§ INFORMATION PROVIDED

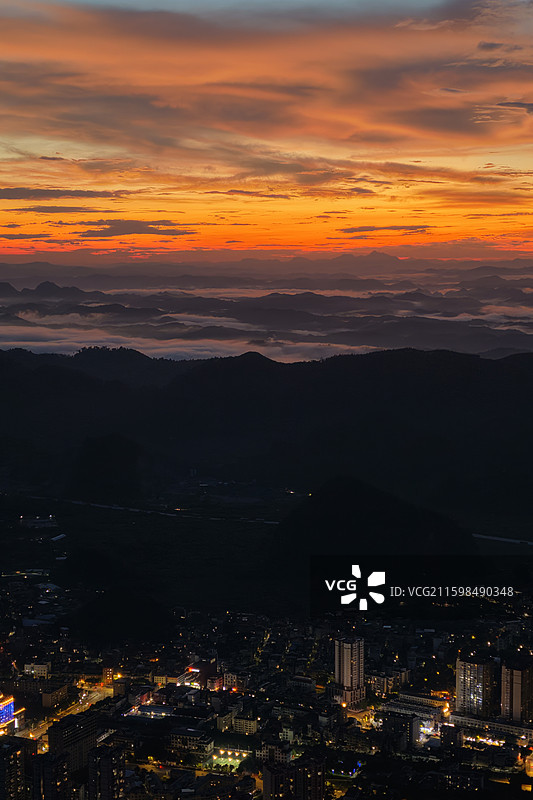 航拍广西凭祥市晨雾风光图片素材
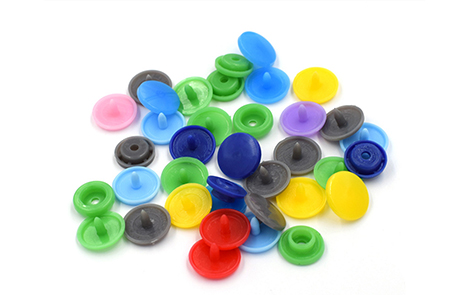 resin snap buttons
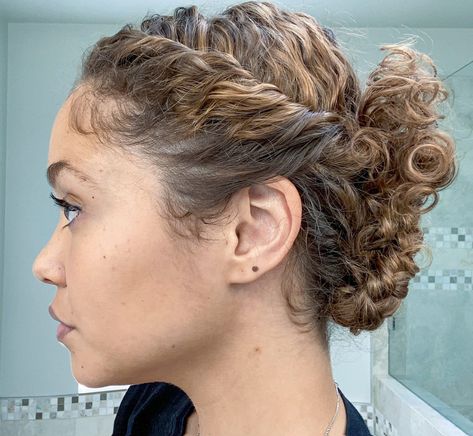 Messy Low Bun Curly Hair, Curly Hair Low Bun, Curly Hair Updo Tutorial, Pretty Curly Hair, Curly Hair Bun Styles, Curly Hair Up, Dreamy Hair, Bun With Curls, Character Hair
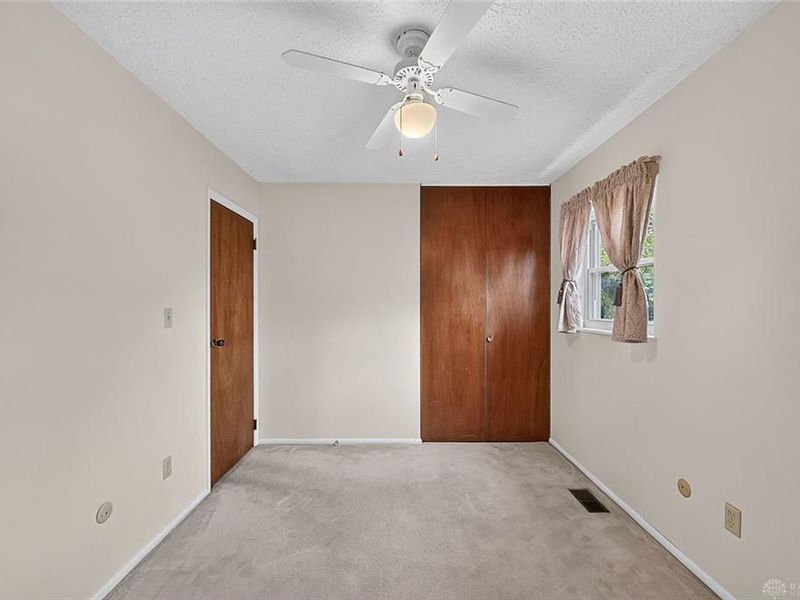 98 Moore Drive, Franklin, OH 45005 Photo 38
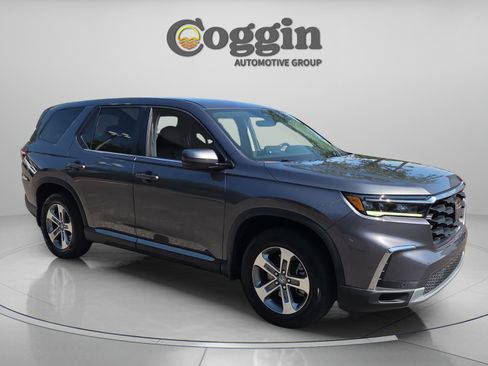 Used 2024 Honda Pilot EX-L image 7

§ WORK REQUEST
Copy every record above exactly, leaving out the pictures.

§ RESPONSE TO THIS EXERCISE
 航拍广西凭祥市晨雾风光图片素材
 resin snap buttons
 Messy Low Bun Curly Hair, Curly Hair Low Bun, Curly Hair Updo Tutorial, Pretty Curly Hair, Curly Hair Bun Styles, Curly Hair Up, Dreamy Hair, Bun With Curls, Character Hair
 98 Moore Drive, Franklin, OH 45005 Photo 38
 Used 2024 Honda Pilot EX-L image 7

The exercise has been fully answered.